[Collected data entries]
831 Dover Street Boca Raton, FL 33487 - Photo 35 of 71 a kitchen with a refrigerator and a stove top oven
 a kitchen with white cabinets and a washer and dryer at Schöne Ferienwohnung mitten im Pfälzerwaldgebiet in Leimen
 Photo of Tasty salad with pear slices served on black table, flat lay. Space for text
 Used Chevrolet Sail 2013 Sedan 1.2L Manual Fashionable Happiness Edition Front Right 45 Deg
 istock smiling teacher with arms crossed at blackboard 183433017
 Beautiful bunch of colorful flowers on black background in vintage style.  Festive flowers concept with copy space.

* _EXERCISE_: Give an exact copy of every line from the one holding "istock smiling teacher" through the end of the records, both included, and no other lines.

* _COMPLETED TASK_:
 istock smiling teacher with arms crossed at blackboard 183433017
 Beautiful bunch of colorful flowers on black background in vintage style.  Festive flowers concept with copy space.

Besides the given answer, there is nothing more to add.